◆ **PROVIDED DATA**
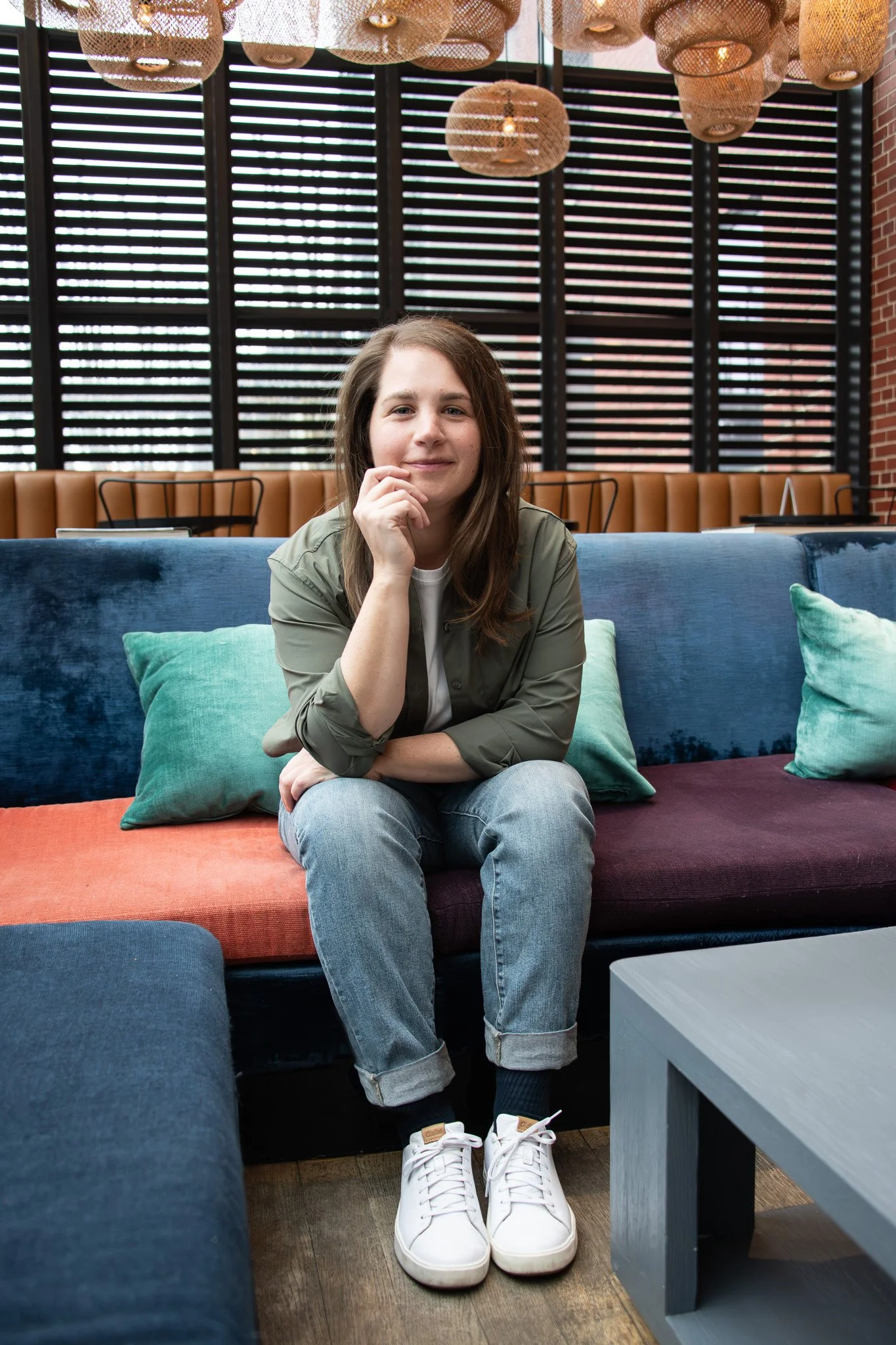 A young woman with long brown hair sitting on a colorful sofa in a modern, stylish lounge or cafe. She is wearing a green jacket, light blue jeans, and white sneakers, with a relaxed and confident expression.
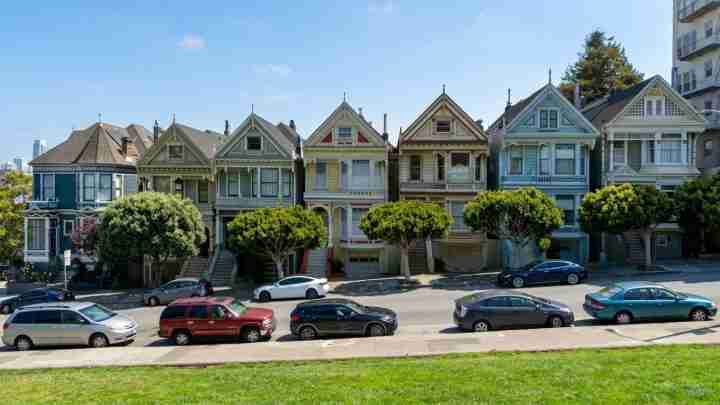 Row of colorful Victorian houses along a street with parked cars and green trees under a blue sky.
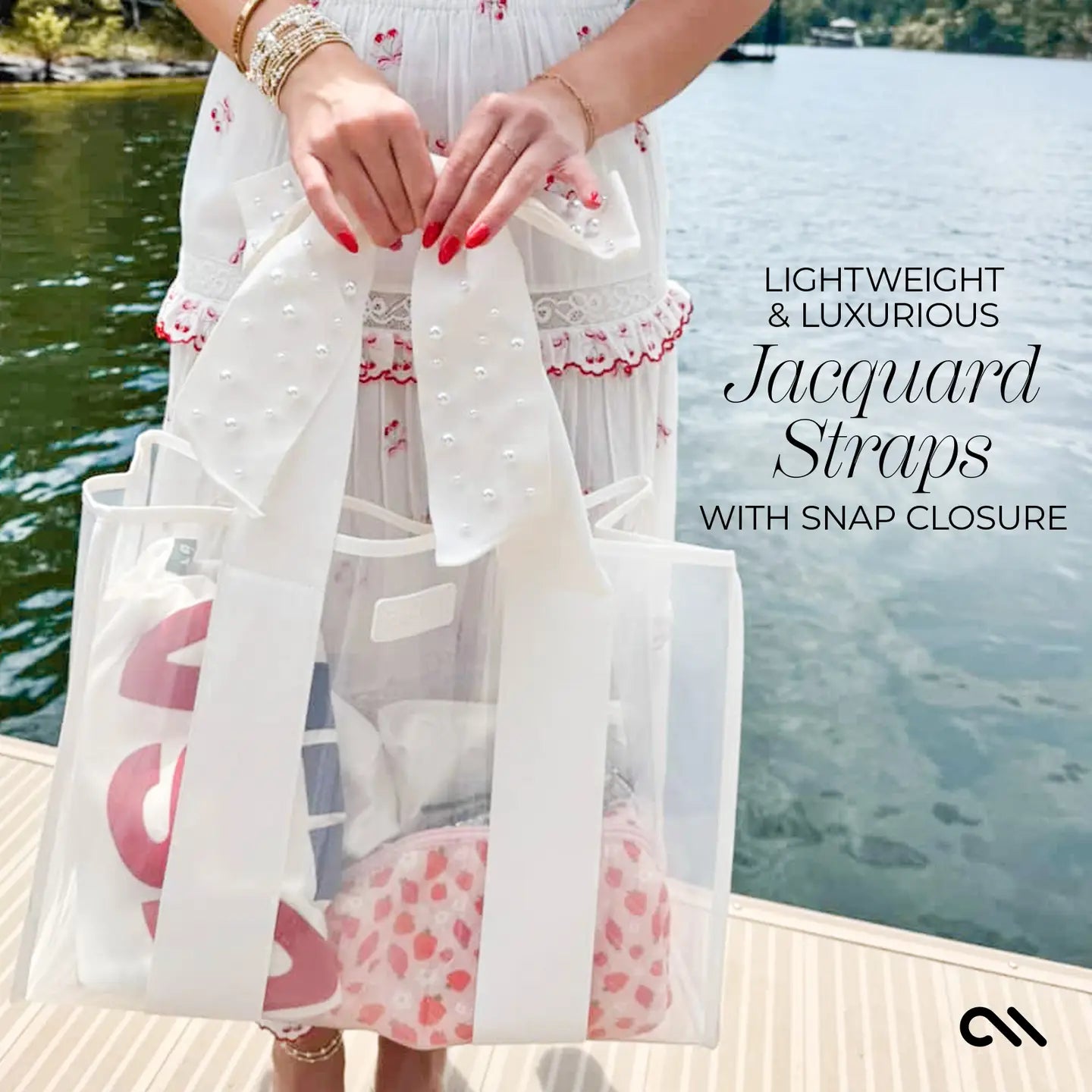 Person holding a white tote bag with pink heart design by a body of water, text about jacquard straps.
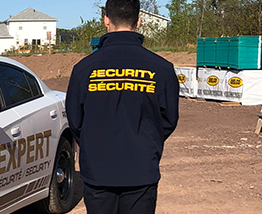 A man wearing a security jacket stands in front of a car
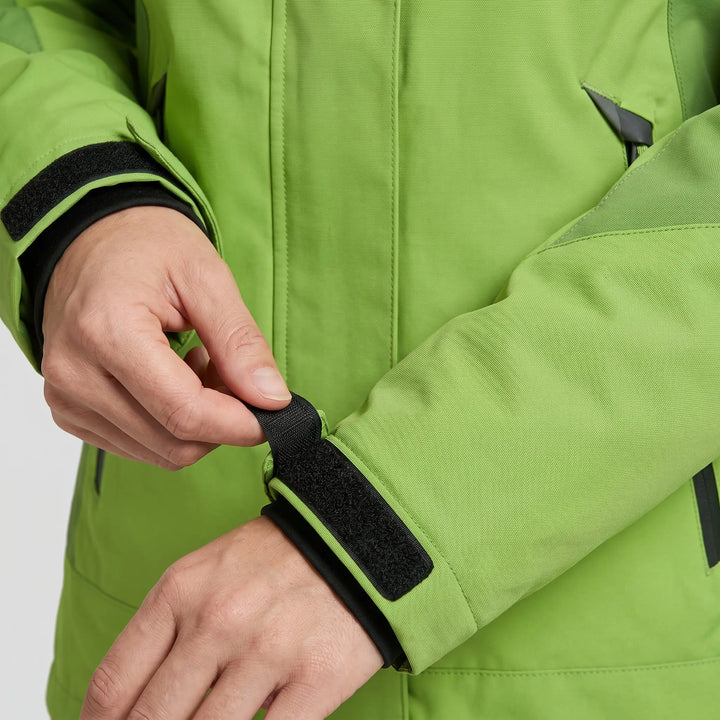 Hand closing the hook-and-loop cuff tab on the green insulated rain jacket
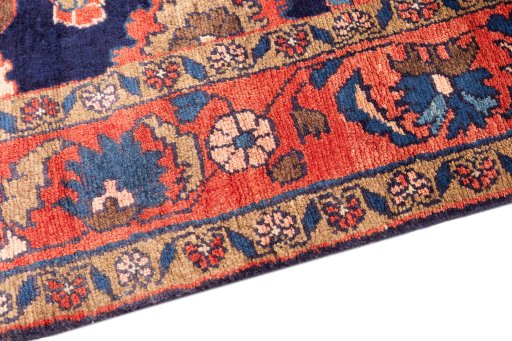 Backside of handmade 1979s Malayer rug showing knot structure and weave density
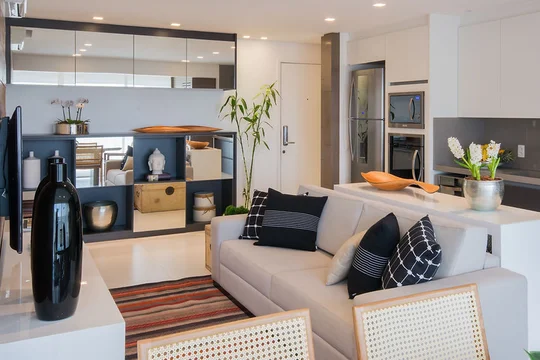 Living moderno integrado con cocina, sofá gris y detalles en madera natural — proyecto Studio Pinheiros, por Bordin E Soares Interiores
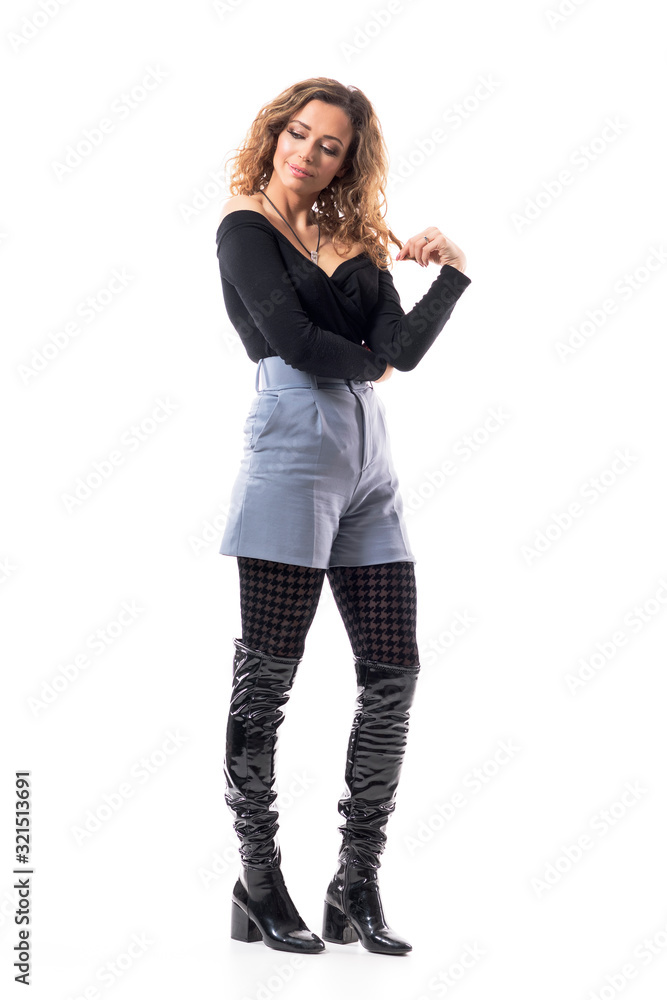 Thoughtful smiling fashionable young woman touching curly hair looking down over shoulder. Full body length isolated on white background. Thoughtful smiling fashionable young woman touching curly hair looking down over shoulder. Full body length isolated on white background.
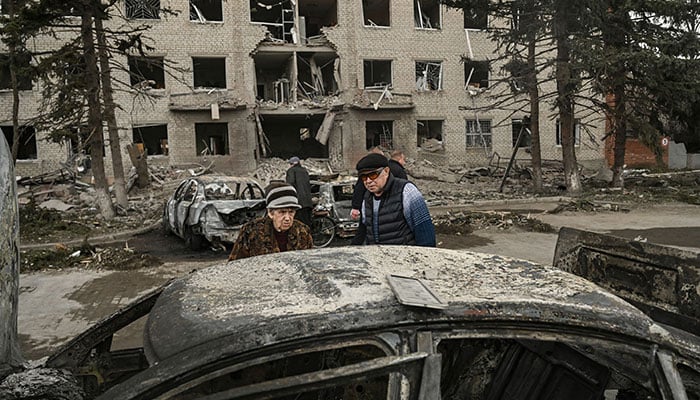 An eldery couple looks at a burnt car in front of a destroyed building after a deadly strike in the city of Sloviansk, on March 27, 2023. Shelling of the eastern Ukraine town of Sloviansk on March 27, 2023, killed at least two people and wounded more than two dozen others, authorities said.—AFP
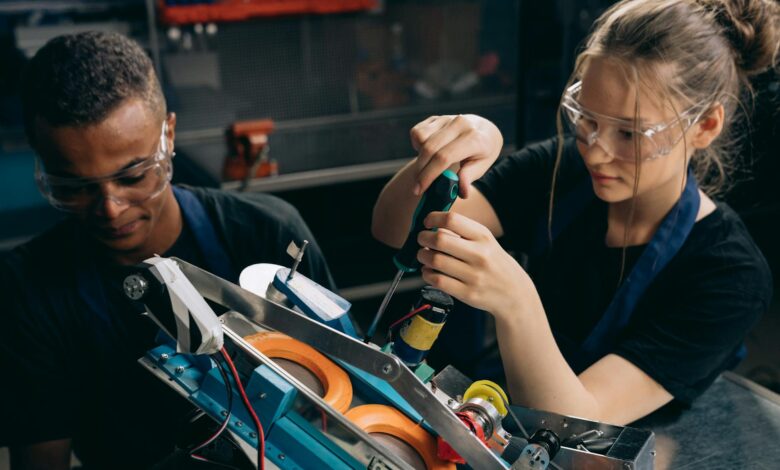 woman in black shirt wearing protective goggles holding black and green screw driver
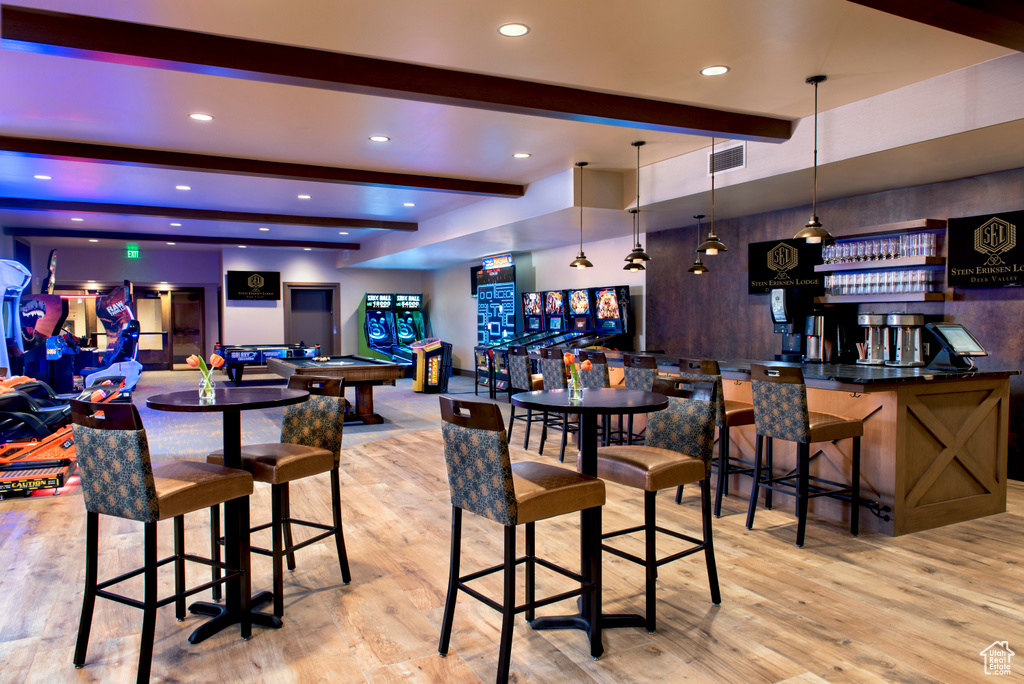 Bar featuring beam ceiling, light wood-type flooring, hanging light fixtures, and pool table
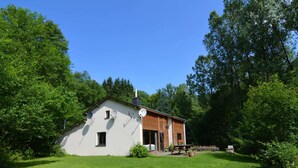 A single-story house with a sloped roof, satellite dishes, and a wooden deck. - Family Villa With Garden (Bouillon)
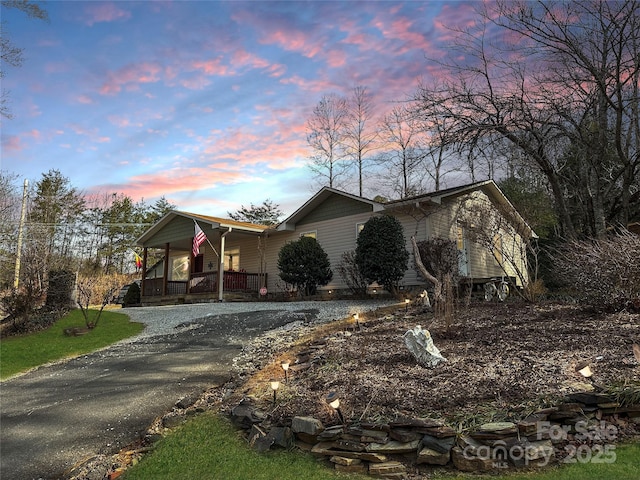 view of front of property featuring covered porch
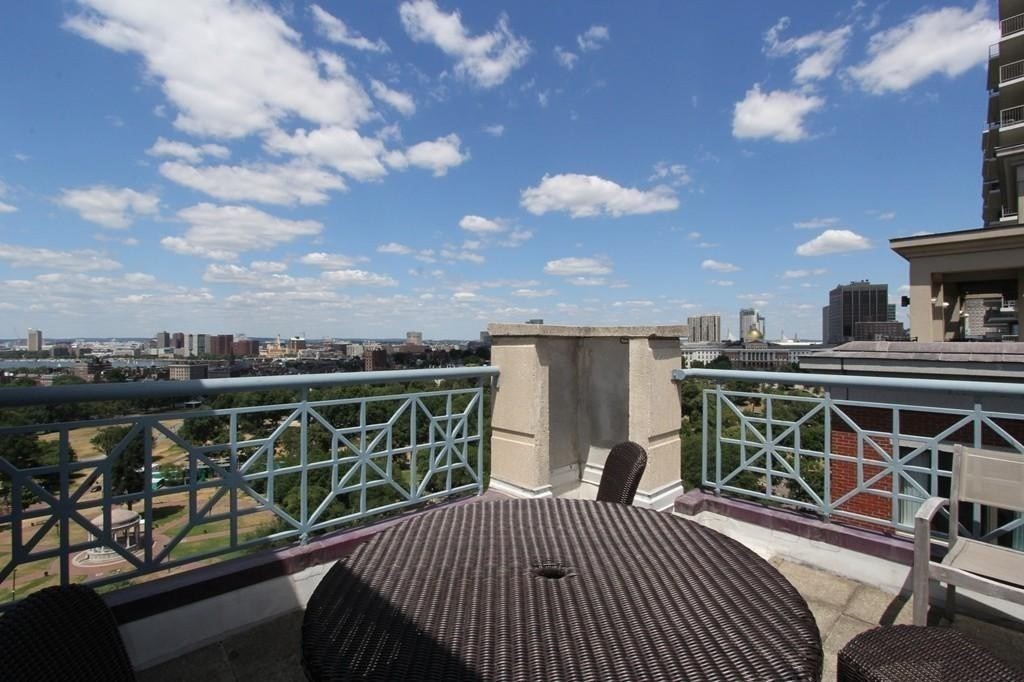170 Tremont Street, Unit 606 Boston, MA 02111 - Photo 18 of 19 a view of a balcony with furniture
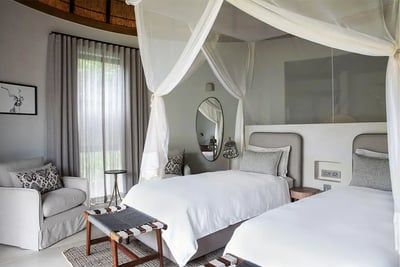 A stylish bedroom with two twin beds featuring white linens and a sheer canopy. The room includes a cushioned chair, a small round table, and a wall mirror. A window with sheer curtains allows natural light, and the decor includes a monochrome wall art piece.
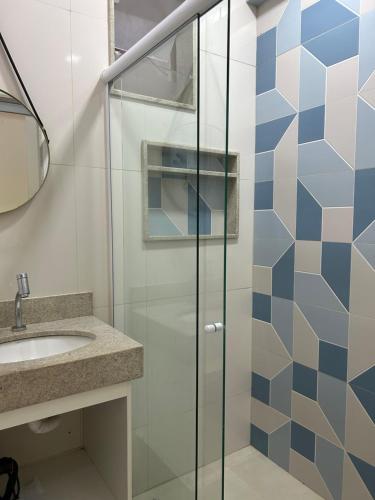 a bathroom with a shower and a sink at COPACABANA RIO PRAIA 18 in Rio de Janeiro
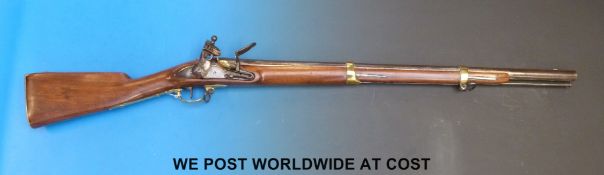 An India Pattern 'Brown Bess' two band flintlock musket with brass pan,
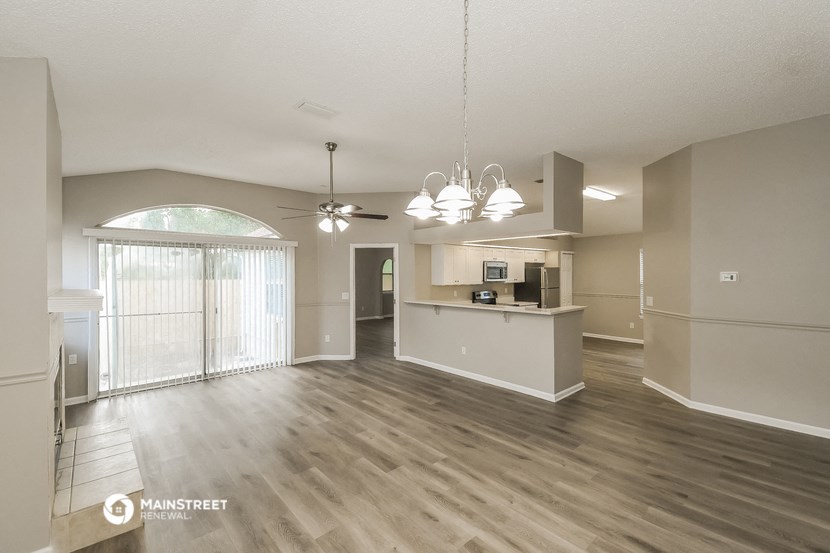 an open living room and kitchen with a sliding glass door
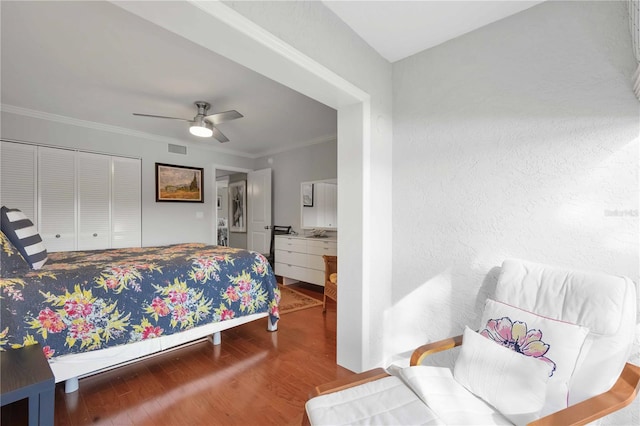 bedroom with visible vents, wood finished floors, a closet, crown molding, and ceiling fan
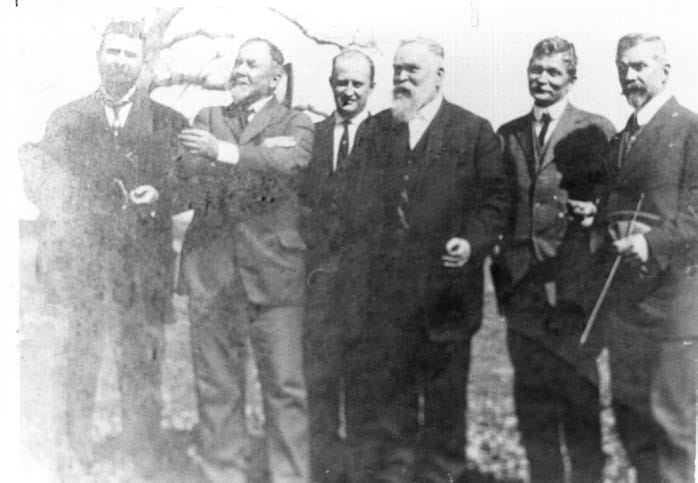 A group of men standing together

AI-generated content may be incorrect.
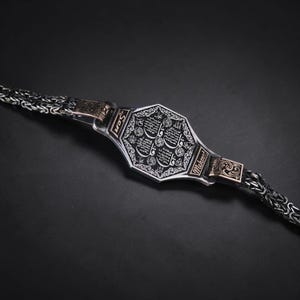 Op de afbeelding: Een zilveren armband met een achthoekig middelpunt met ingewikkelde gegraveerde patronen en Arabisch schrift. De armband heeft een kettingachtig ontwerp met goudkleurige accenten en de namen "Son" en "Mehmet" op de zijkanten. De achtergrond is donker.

◆ **WHAT TO DO**
Exactly the lines from the one with "bedroom with visible" through the end of the records should be written out, and only those. Pictures do not belong in the copy.

◆ **EXERCISE RESPONSE**
 bedroom with visible vents, wood finished floors, a closet, crown molding, and ceiling fan
 A group of men standing together

AI-generated content may be incorrect.
 Op de afbeelding: Een zilveren armband met een achthoekig middelpunt met ingewikkelde gegraveerde patronen en Arabisch schrift. De armband heeft een kettingachtig ontwerp met goudkleurige accenten en de namen "Son" en "Mehmet" op de zijkanten. De achtergrond is donker.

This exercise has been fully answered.